Видя враждебное отношение аборигенов, барон де Бетанкур покинул страну и отправился завоевывать остров Пальм. Жители Лас-Пальмас отличались ловкостью в метании камней; они редко промахивались. В столкновениях, таким образом, жертвы были значительными с обеих сторон, однако потери канарцев все-таки были больше, нормандцев же погибло около ста человек.
После шести недель бесконечных стычек барон покинул Лас-Пальмас и провел три месяца на Ферро, большом острове семи лье в длину и пяти в ширину, имевшем в плане форму подковы. Поверхность острова была возвышенной и гладкой, хотя в ряде мест ее затеняли протяженные рощи сосен и лавровых деревьев. Испарения, удерживаемые высокими горами, увлажняли почву и делали ее пригодной для возделывания зерновых культур и винограда. На острове в изобилии водилась дичь; по равнинам бродили дикие свиньи, козы, овцы рядом с крупными ящерицами, размерами напоминавшими американских игуан. Что же до туземных жителей, как мужчин, так и женщин, то они были очень красивы, сильны, веселы, здоровы, ловки, пропорционально сложены и очень склонны к бракам. В целом остров Ферро был одним из самых «приятных» в архипелаге.
Завоевав острова Ферро и Лас-Пальмас, барон де Бетанкур вернулся на Фуэртевентуру. Этот остров насчитывал семнадцать лье в длину и восемь в ширину; были на нем и равнины и горы. Однако поверхность его была менее изрезанной, чем на других островах. В великолепных рощах бежали широкие пресноводные ручьи; молочаи, с едким молочным соком, давали сильный яд. Кроме того, в изобилии росли финиковые пальмы, оливковые и мастиковые деревья, а также некое растение-краситель, культивирование которого должно было стать необыкновенно прибыльным. Побережье Фуэртевентуры не давало хорошего убежища для крупных кораблей, но мелкие могли там себя чувствовать в безопасности.
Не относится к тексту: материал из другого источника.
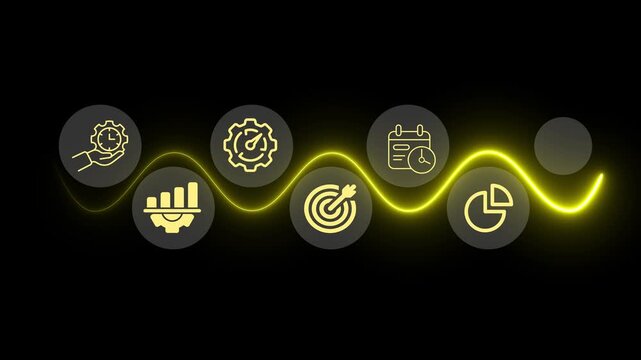 Improves productivity through effective time management concept. Ideal for work planning, performance optimization, deadline control, efficient workflow organization.
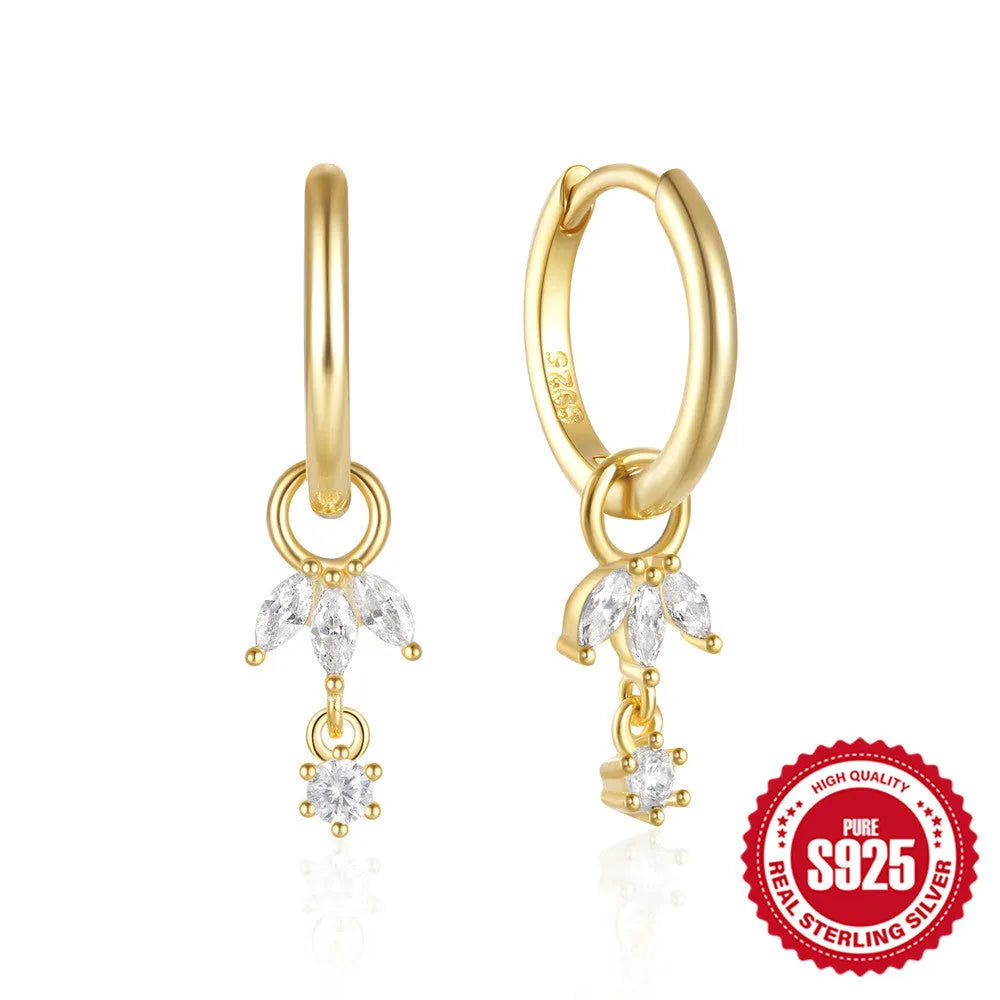 S925 sterling silver earrings with geometric sunflower pattern and golden zircon stones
Именно на этом острове барон де Бетанкур начал раздавать земли колонистам и делал это так справедливо, что каждый был доволен своим наделом. Те, кого он привел с собой, его сотоварищи, были на девять лет освобождены от арендной платы.
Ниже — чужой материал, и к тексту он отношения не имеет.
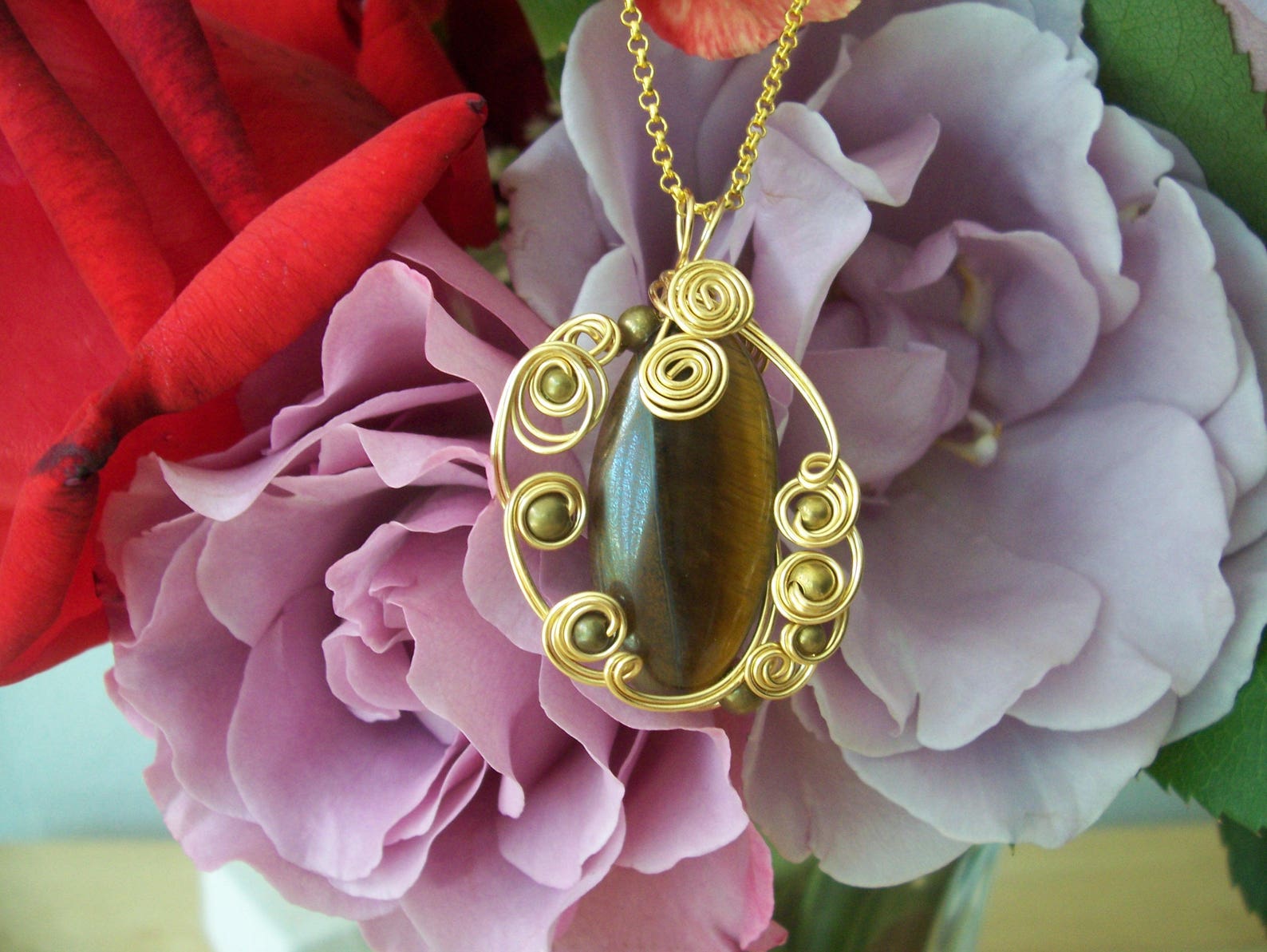 Handmade Brass Wire Wrapped Natural Tigers Eye Pendant Etsy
Столь набожному человеку, каким был барон де Бетанкур, не могли быть безразличны вопросы религии и церковной администрации. Поэтому он принял решение обратиться в Рим, дабы заполучить в эту страну епископа, который «привел бы в порядок церковные дела и восславил католическую веру».
Оставив губернатором своего племянника Масьо, Бетанкур распорядился, чтобы ему дважды в год присылали известия в Нормандию о положении дел на Канарских островах и чтобы на доходы с островов Лансароте и Фуэртевентура были выстроены две церкви.
Своему племяннику Масьо барон сказал следующее: «Кроме того, я даю вам полномочия и власть, чтобы вы во всех делах, которые сочтете выгодными и честными, приказывали и поручали исполнить, руководствуясь прежде всего моей честью и моей пользой. Следуйте как можно ближе французским и нормандским обычаям; я имею в виду правосудие и прочие дела, которые вы соизволите вершить. А еще прошу вас, и даже возлагаю обязанность — изо всех сил заботиться о мире и взаимном согласии; любите друг друга как братья, особенно вы, дворяне, не завидуйте один другому. Каждому из вас я указываю ваше дело: страна обширна, поэтому успокаивайте один другого и поддерживайте друг друга. Не знаю, что еще сказать вам, кроме самого главного: соблюдайте между собой мир, и все пойдет хорошо».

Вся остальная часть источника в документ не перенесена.